- AIM OF THE TASK: Copy the entries below verbatim, omitting any pictures they contain.

- ENTRIES PROVIDED:
------------------------------------------------
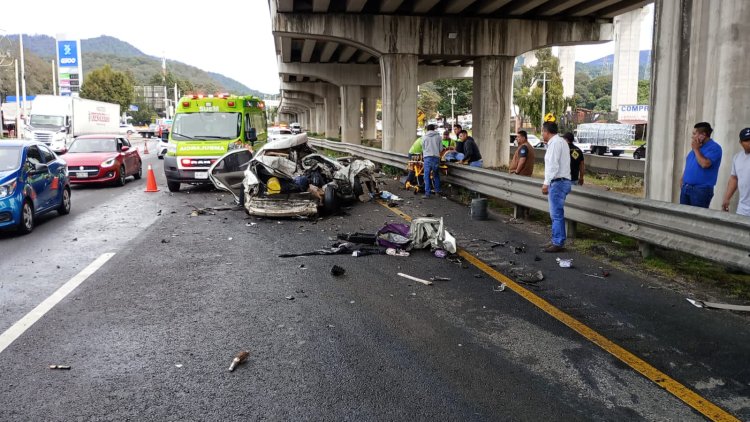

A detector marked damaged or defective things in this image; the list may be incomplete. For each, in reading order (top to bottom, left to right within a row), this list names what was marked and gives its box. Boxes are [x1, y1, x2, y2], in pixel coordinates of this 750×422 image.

destroyed vehicle [209, 134, 378, 218]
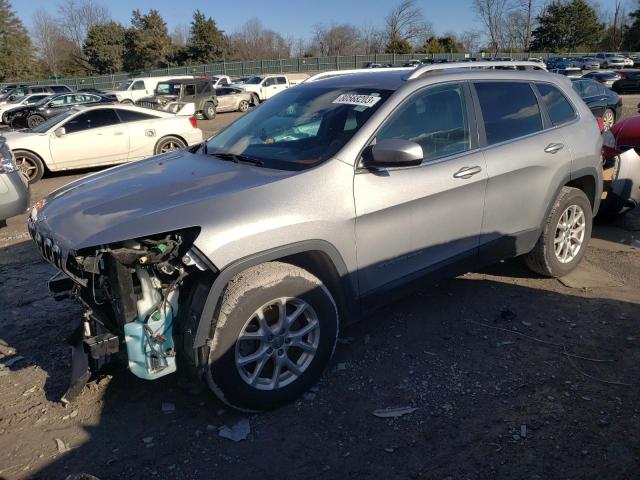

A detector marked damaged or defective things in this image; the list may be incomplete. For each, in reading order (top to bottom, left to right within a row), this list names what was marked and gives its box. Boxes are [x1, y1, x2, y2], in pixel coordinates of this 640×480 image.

crumpled hood [34, 152, 296, 251]
damaged front end [30, 223, 210, 404]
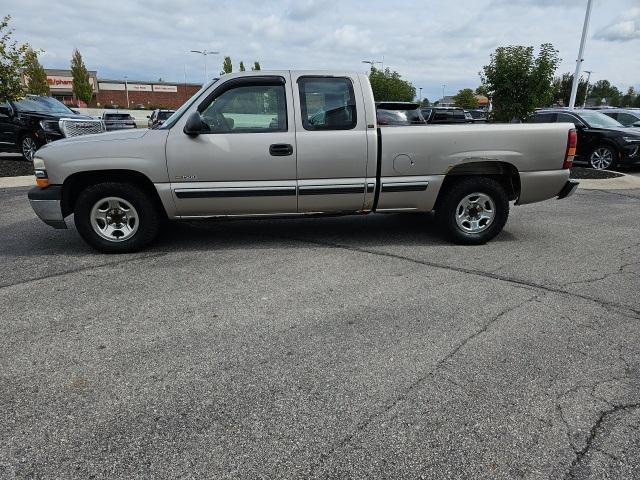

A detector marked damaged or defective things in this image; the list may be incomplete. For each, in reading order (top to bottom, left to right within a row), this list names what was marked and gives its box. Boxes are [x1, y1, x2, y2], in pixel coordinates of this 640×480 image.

pavement crack [304, 292, 540, 476]
pavement crack [564, 402, 636, 480]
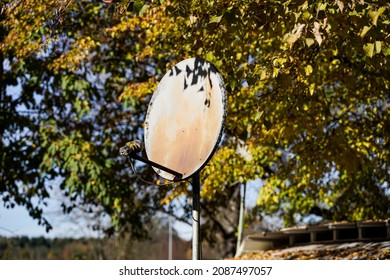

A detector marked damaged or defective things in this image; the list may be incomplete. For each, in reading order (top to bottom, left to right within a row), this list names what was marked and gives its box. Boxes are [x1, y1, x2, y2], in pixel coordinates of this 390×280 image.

rusty dish surface [145, 57, 227, 180]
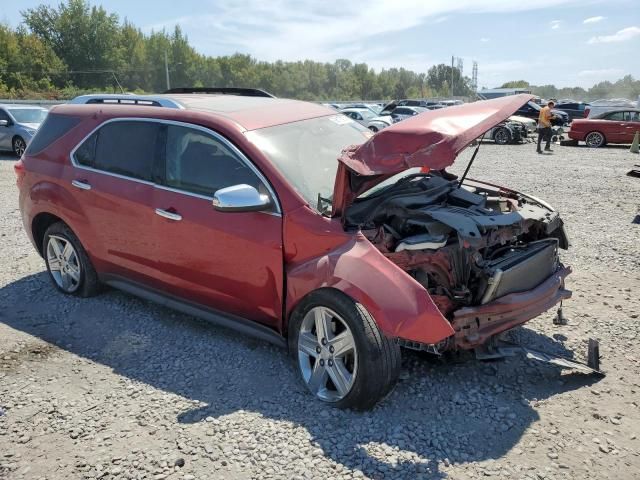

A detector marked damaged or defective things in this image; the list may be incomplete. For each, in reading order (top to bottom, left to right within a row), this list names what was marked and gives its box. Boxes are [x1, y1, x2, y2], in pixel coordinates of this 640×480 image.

crumpled hood [332, 94, 532, 218]
damaged front end [348, 171, 572, 350]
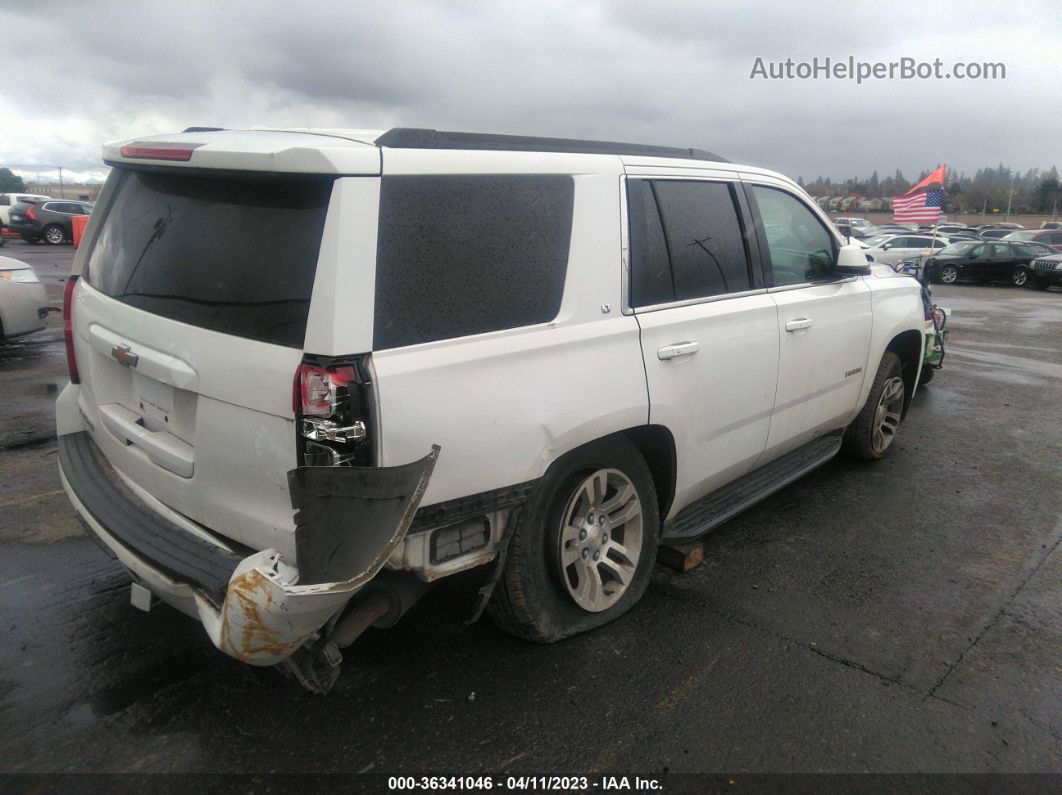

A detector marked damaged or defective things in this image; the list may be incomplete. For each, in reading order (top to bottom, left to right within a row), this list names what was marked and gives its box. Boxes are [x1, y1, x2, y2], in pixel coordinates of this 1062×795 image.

broken tail light [296, 360, 374, 470]
crushed rear bumper [57, 432, 440, 668]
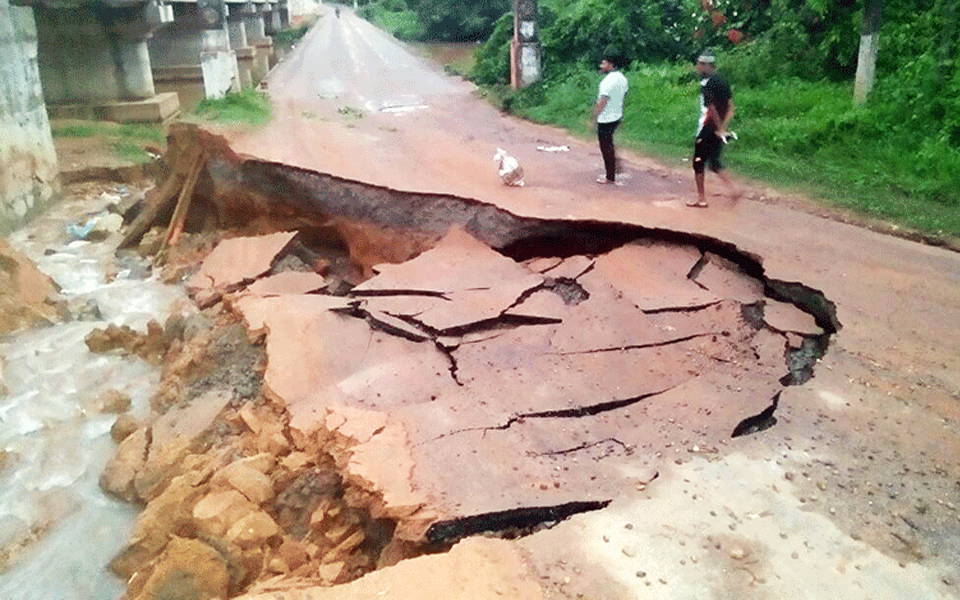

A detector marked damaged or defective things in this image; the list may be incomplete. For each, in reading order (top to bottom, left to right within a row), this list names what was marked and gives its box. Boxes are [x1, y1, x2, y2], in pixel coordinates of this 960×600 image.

cracked asphalt slab [182, 9, 960, 600]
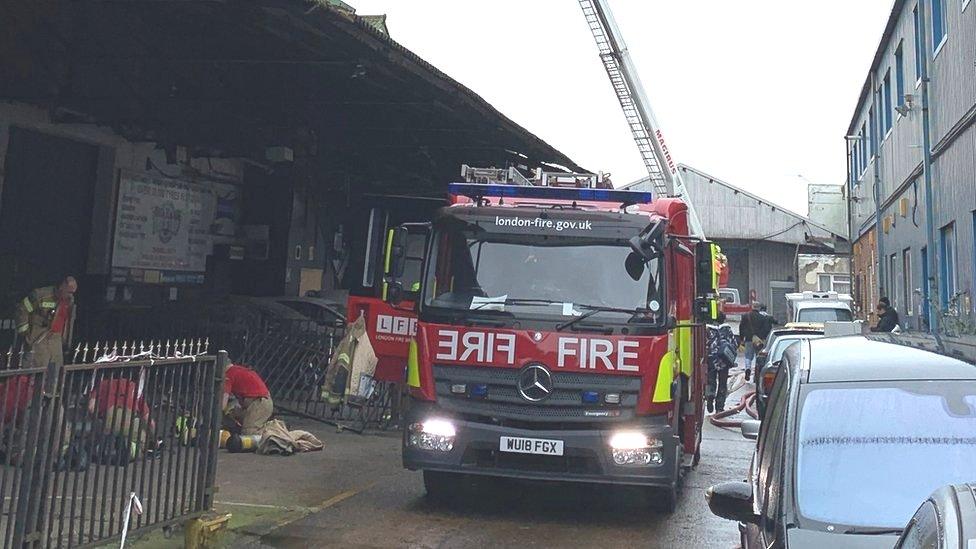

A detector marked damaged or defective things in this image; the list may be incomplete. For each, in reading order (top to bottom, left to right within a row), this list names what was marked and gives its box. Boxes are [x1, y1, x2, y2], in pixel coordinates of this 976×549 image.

fire-damaged roof [0, 0, 580, 193]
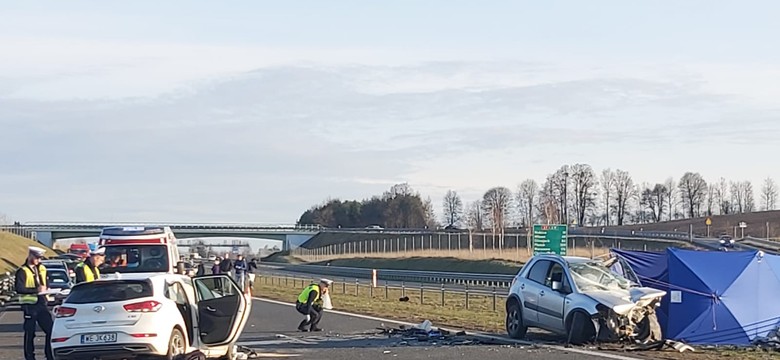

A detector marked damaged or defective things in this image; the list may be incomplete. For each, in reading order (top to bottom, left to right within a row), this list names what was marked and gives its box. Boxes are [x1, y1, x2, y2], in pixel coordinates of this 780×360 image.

shattered windshield [568, 262, 632, 292]
crashed car windshield [568, 262, 632, 292]
crashed car door [191, 274, 247, 348]
crashed car wheel [506, 302, 532, 338]
silver damaged car [506, 255, 664, 344]
crashed car hood [584, 286, 664, 316]
crashed car wheel [632, 312, 660, 344]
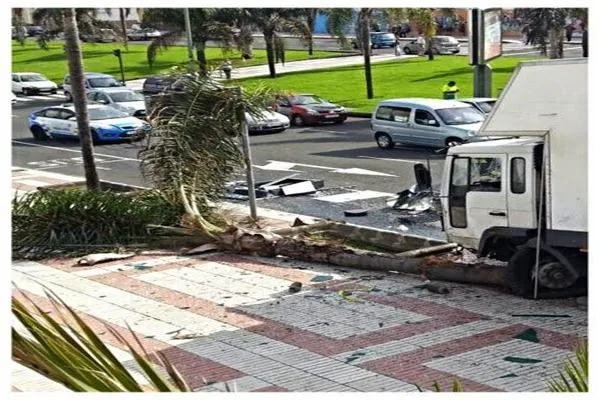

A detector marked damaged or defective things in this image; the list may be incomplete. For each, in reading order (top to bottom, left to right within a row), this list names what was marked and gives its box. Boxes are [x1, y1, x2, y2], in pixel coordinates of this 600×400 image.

crashed truck cab [436, 59, 584, 296]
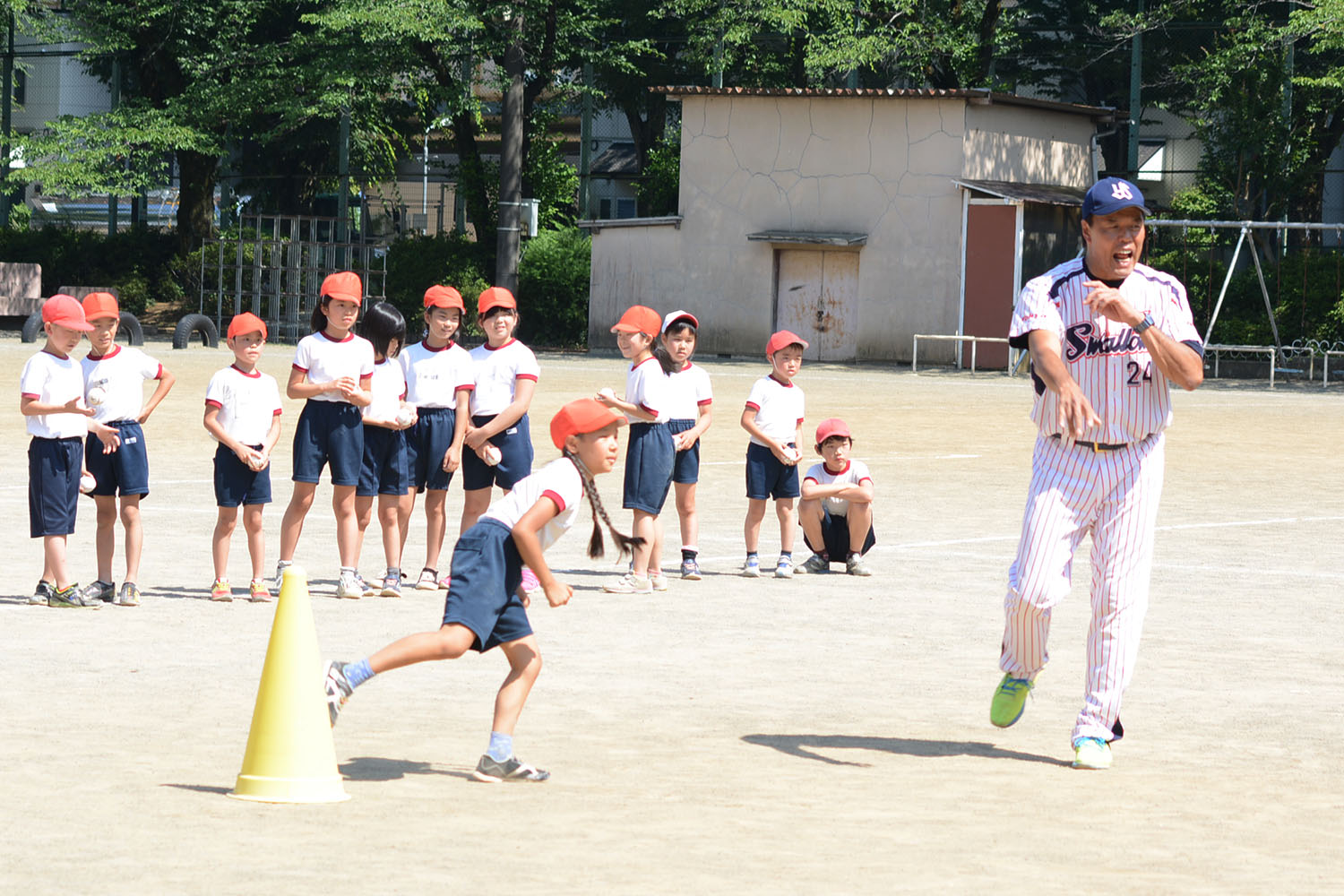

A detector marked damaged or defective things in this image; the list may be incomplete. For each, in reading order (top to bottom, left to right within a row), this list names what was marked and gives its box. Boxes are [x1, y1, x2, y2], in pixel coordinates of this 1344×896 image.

cracked stucco wall [594, 96, 1097, 362]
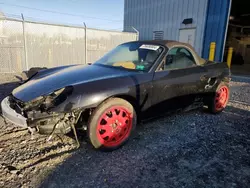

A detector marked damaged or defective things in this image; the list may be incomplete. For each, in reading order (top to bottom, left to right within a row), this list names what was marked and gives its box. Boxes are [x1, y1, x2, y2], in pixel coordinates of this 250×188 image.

crumpled hood [12, 64, 136, 102]
damaged bumper [0, 97, 27, 128]
damaged front end [0, 86, 79, 137]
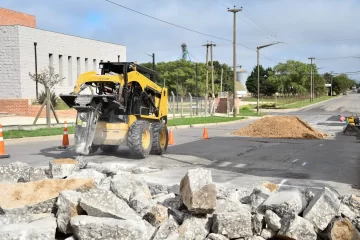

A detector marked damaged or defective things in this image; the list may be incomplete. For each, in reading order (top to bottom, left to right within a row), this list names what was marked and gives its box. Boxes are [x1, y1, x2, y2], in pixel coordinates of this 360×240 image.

pile of broken concrete [0, 158, 360, 239]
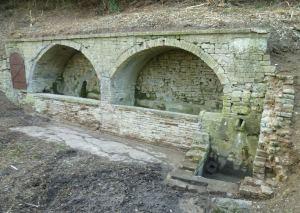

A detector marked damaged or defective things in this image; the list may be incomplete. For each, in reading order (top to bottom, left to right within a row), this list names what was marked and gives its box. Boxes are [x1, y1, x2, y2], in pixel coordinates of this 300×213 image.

rusty metal element [9, 53, 26, 90]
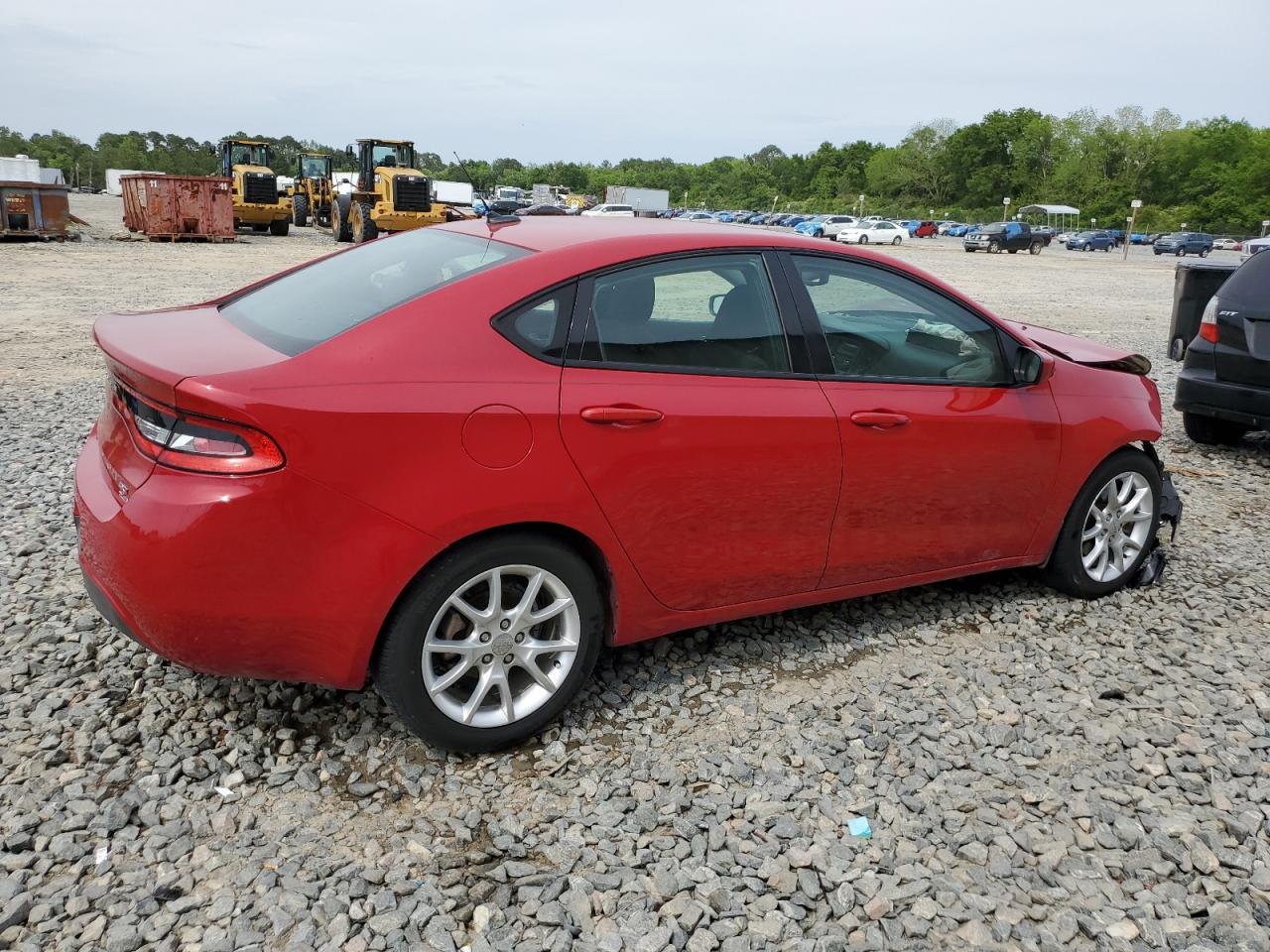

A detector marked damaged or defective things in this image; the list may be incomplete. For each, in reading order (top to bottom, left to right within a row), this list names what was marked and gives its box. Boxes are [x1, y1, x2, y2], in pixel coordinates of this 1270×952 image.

damaged red car [71, 218, 1178, 751]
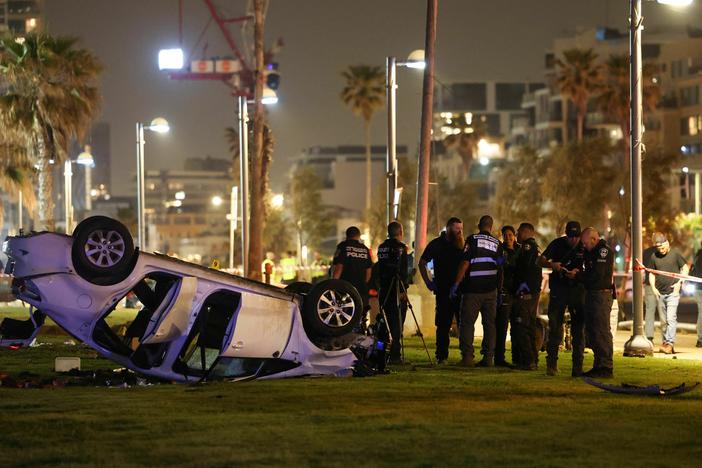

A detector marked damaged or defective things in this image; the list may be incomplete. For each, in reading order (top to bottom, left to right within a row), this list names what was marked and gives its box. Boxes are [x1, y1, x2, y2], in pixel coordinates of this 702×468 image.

overturned white car [1, 216, 374, 380]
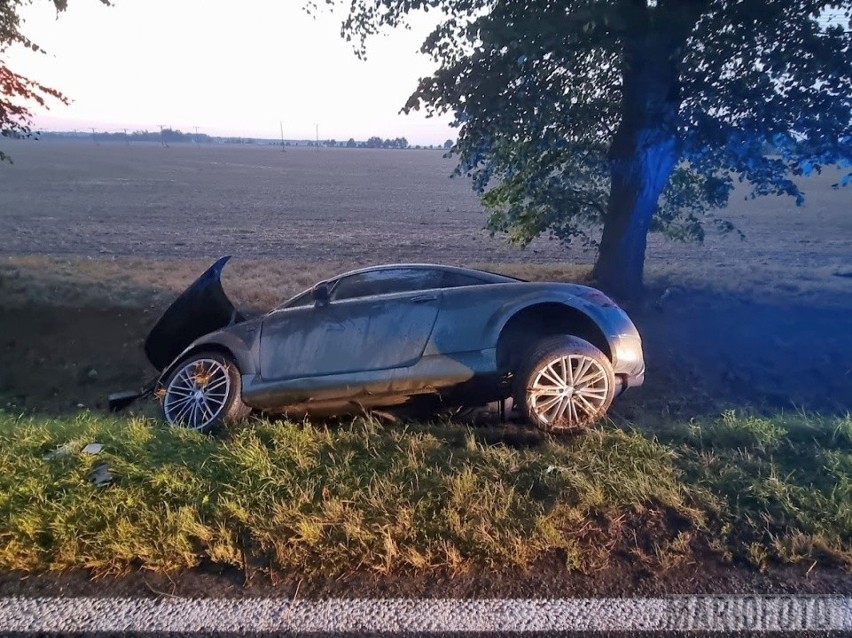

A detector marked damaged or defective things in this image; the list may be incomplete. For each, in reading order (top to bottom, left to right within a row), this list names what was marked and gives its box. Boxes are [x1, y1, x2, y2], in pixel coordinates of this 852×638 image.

crashed car [116, 258, 644, 436]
------------------------------------------------
- EXERCISE RESPONSE:
A detector marked damaged or defective things in this image; the list may be incomplete. For each, in reading order (top to bottom, left to right within a row), this list names what was marked and gives its box. Boxes are [x1, y1, x2, y2], in pixel coordinates of this 750×422 image.

destroyed vehicle [209, 134, 378, 218]

A detector marked damaged or defective things in this image; the list may be incomplete. For each, in reading order (top to bottom, left to right within a row), this list names what was marked and gives its box. Boxes are [x1, y1, x2, y2], in pixel coordinates of this 640×480 image.

crumpled hood [34, 152, 296, 251]
damaged front end [30, 223, 210, 404]

A detector marked damaged or defective things in this image; the list may be incomplete. For each, in reading order (top to bottom, left to right within a row), this list names what was marked and gives its box. Boxes are [x1, y1, x2, y2], in pixel coordinates of this 640×480 image.

pavement crack [304, 292, 540, 476]
pavement crack [564, 402, 636, 480]

A detector marked damaged or defective things in this image; the list may be incomplete. For each, in reading order (top to bottom, left to right within a row), this list names what was marked and gives its box. Boxes are [x1, y1, x2, y2], in pixel coordinates of this 390×280 image.

rusty dish surface [145, 57, 227, 180]

A detector marked damaged or defective things in this image; the list may be incomplete. For each, in reading order (top to bottom, left to right within a row), this list names what was marked and gives its box. Boxes are [x1, y1, x2, y2], in pixel coordinates of this 640×480 image.

crumpled hood [332, 94, 532, 218]
damaged front end [348, 171, 572, 350]

A detector marked damaged or defective things in this image; the list may be incomplete. For each, in reading order (top to bottom, left to right within a row), this list names what was marked and gives its box. Boxes are [x1, y1, x2, y2], in pixel coordinates of this 1062×795 image.

broken tail light [296, 360, 374, 470]
crushed rear bumper [57, 432, 440, 668]

A detector marked damaged or defective things in this image; the list may be incomplete. For each, in reading order (top to bottom, left to right within a row), this list names what was marked and gives its box. Boxes are [x1, y1, x2, y2], in pixel coordinates of this 960×600 image.

cracked asphalt slab [182, 9, 960, 600]

A detector marked damaged or defective things in this image; the list may be incomplete. For each, in reading order (top to bottom, left to right within a row), this list names what was marked and gives its box. Boxes are [x1, y1, x2, y2], in pixel coordinates of this 976×549 image.

fire-damaged roof [0, 0, 580, 193]

A detector marked damaged or defective things in this image; the list may be incomplete. For each, in reading order (top to bottom, left to right within a row), this list names what was marked and gives its box. Boxes are [x1, y1, x2, y2], in pixel coordinates of this 780×360 image.

shattered windshield [568, 262, 632, 292]
crashed car windshield [568, 262, 632, 292]
crashed car door [191, 274, 247, 348]
crashed car wheel [506, 302, 532, 338]
silver damaged car [506, 255, 664, 344]
crashed car hood [584, 286, 664, 316]
crashed car wheel [632, 312, 660, 344]

A detector marked damaged or defective things in this image; the list may be incomplete. For each, in reading order (top to bottom, left to right within a row), this list names what was marked and gives its box. Boxes are [x1, y1, x2, y2], in pixel coordinates of this 600×400 image.

crashed truck cab [436, 59, 584, 296]

A detector marked damaged or defective things in this image; the list may be incomplete. For each, in reading order (top to bottom, left to right within a row), this list names what was marked and gives its box. Boxes are [x1, y1, x2, y2], in pixel coordinates of this 1344×896 image.

cracked stucco wall [594, 96, 1097, 362]

A detector marked damaged or defective things in this image; the list may be incomplete. For each, in reading order (top to bottom, left to right within a row), this list names what was marked and gives its box. Boxes are [x1, y1, x2, y2], in pixel coordinates of this 250×188 image.

crumpled hood [12, 64, 136, 102]
damaged bumper [0, 97, 27, 128]
damaged front end [0, 86, 79, 137]

A detector marked damaged or defective things in this image; the list may be incomplete. For each, in reading order (top to bottom, left to right within a row), this list names what was marked and gives its box. Boxes are [x1, y1, x2, y2], in pixel coordinates of this 360×240 image.

pile of broken concrete [0, 158, 360, 239]

A detector marked damaged or defective things in this image; the list may be incomplete. For each, in reading order (top to bottom, left to right within a row), this list names what was marked and gives its box. Boxes are [x1, y1, x2, y2], in pixel coordinates of this 300×213 image.

rusty metal element [9, 53, 26, 90]

A detector marked damaged or defective things in this image; the list may be incomplete. For each, in reading order (top to bottom, left to right within a row), this list names what was marked and gives its box. Boxes are [x1, y1, x2, y2], in pixel coordinates of this 1270×952 image.

damaged red car [71, 218, 1178, 751]

A detector marked damaged or defective things in this image; the list may be incomplete. For each, in reading order (top to bottom, left to right within a row), this list names what was marked and gives its box. Boxes are [x1, y1, x2, y2], in pixel coordinates of this 702×468 image.

overturned white car [1, 216, 374, 380]

A detector marked damaged or defective things in this image; the list may be incomplete. For each, in reading order (top to bottom, left to right within a row), this list names what was marked and gives its box. Boxes are [x1, y1, x2, y2], in pixel coordinates of this 852×638 image.

crashed car [116, 258, 644, 436]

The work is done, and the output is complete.